Budget 2013: tax avoidance and evasion targeted by George Osborne

$
0
0

Chancellor claims initiatives including removal of loopholes and agreements with crown dependencies will deliver £4.6bn

A number of measures designed to clamp down on Jimmy Carr-style exotic employment arrangements, such as dressing up taxable earnings as loans, have been announced as part of a £4.6bn government crackdown on tax avoidance and evasion.

The measures are part of what the chancellor claimed was "one of the largest ever packages of tax avoidance and evasion measures presented at a budget", following a string of revelations about how thousands of celebrities and high-earning contractors are paid. The initiatives include "naming and shaming" promoters of tax avoidance schemes and new financial disclosure agreements signed with the crown dependencies of Jersey, Guernsey and the Isle of Man. Over the next five years, Osborne claims his measures will deliver £4.6bn of new revenue.

In the wake of revelations about Carr's financial affairs last summer, the prime minister publicly criticised the comedian's financial affairs, calling them "very dodgy tax avoiding schemes" and "morally wrong". Carr had been singled out in media coverage because of his celebrity, but it is thought that thousands of high-earning contractors have used the same or similar avoidance schemes.

Among the anti-avoidance measures announced on Wednesday was a tightening of the rules for companies that chose to arrange loans — which do not attract tax — for their directors or shareholders in place of taxable salaries or dividends. HM Revenue & Customs has already identified three loopholes being exploited in this area.

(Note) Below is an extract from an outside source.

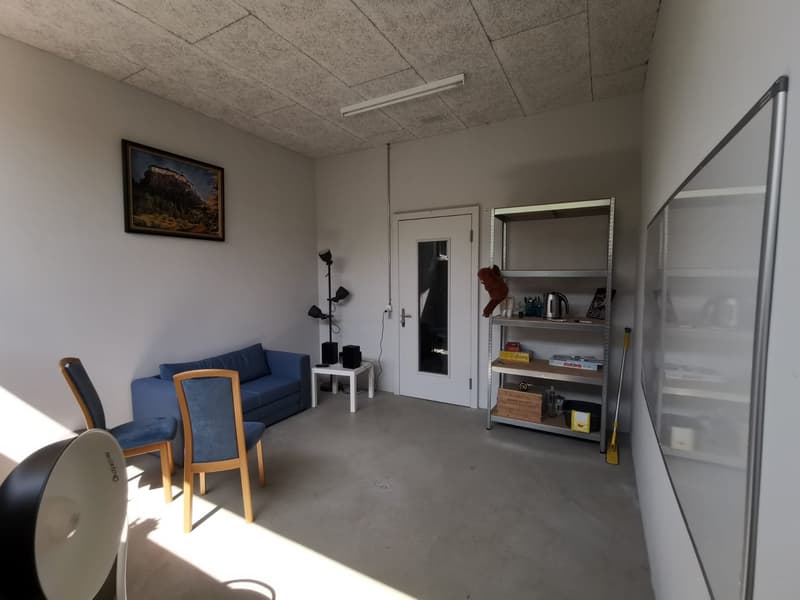 Spacious studio for rent (4)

Elsewhere, the misuse of partnerships in order to disguise what is really an employment relationship is also in Osborne's sights. He has opened a consultation on proposals to clamp down on such activities. Similarly, Osborne said he wanted to use next year's finance bill to remove loopholes allowing offshore intermediary companies to facilitate the avoidance of UK income tax and national insurance contributions.

Jimmy Carr's tax arrangements saw the standup comedian's earnings channelled to an offshore trust, with amounts then loaned back to him. As a loan, rather than a salary, these sums did not attract tax, the scheme's promoters have claimed — though HMRC have been reviewing its legality. More than 1,000 people have reportedly used the same Jersey-based structure — known as K2 — as Carr. It was said to be sheltering £168m a year from the Treasury.

In his budget speech the chancellor said the agreements signed in recent weeks with Jersey, Guernsey and the Isle of Man had provided HMRC with rights to demand financial disclosures relating to UK residents without first having to present detailed prima facie evidence of evasion.

Osborne told the House of Commons these transparency arrangements would shake out more than £1bn of illegally-sheltered tax payments from the crown dependencies — a figure which politicians in the Channel Islands insisted was exaggerated.

"It is not our figure," Jersey's finance minister Philip Ozouf told the Guardian. "And it isn't one that I would recognise as being the likely result of disclosures relating to Jersey. [We believe] the arrangement will put beyond doubt any suggestion that Jersey is a jurisdiction that tolerates any level of tax evasion."

Separately, the chancellor is already pushing through legislation, likely to become law this summer, which will introduce a so-called General Anti-avoidance Rule, or GAAR. This is designed as a catch-all measure to address the most egregious examples of artificial tax structuring. It will cover avoidance wheezes exploiting loopholes in taxes on income, corporate profits, capital gains, inheritance tax and stamp duty. Tax experts suggest this is the most substantive anti-avoidance measure the chancellor has introduced.

Meanwhile, Osborne was forced to water down one anti-avoidance intitiative involving the introduction of a blackballing process for firms bidding for public sector contracts. It had been hoped the threat of blackballing could apply to companies if they had lost disputes with HMRC over certain aggressive tax structures in the past 10 years.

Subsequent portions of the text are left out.